Report: 'Meltdown' Patch Did More Harm than Good for Windows 7
Patches that were released in January to protect Windows 7 from the Meltdown flaw may have opened an even worse can of worms for the OS, according to one security researcher.
Ulf Frisk, a security researcher who specializes in direct memory access (DMA) attacks, described the problem this week in a blog post called "Total Meltdown?"
The January patch was intended to address the Meltdown flaw in Intel, IBM POWER and ARM-based processors that emerged in January and theoretically allows a rogue process to read all memory on a system.
"[The patch] stopped Meltdown but opened up a vulnerability way worse...It allowed any process to read the complete memory contents at gigabytes per second, oh -- it was possible to write to arbitrary memory as well," wrote Frisk, who is the author of the PCILeech memory access attack toolkit, and who described himself in a DEFCON 24 presentation in 2016 as a penetration tester specializing in online banking security and working in Stockholm, Sweden.
"No fancy exploits were needed.

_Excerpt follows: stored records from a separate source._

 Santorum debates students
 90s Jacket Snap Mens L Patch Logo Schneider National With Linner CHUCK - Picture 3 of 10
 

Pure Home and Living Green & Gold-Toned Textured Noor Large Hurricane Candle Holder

Windows 7 already did the hard work of mapping in the required memory into every running process. Exploitation was just a matter of read and write to already mapped in-process virtual memory. No fancy APIs or syscalls required -- just standard read and write," Frisk said.

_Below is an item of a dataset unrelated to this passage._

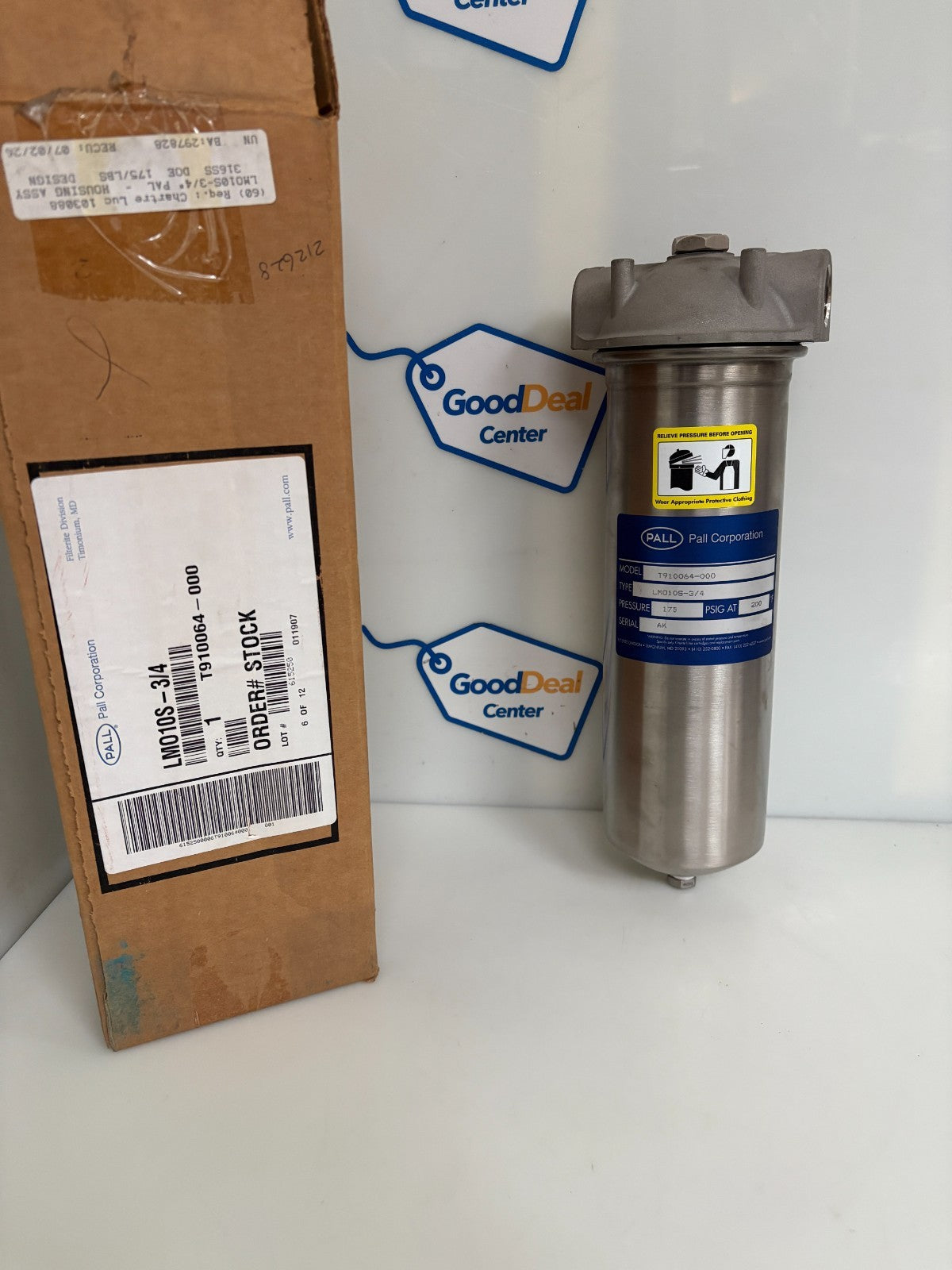 PALL STAINLESS STEEL 750 PSI 3/4" HIGH PRESSURE FILTER HOUSING LM010S-3/4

The flaw does not affect Windows 10 or Windows 8, according to Frisk.
The problem appears to have been introduced by the Windows 7 patches released in January, during the industrywide scramble to address the Meltdown and related Spectre flaws whose existence was revealed slightly ahead of schedule. Some of the first-generation patches caused reboot and slowdown issues, among other problems.
Frisk said the subsequent March patch for Windows 7 fixed the flaw, and he discovered the problem after the March patch was released.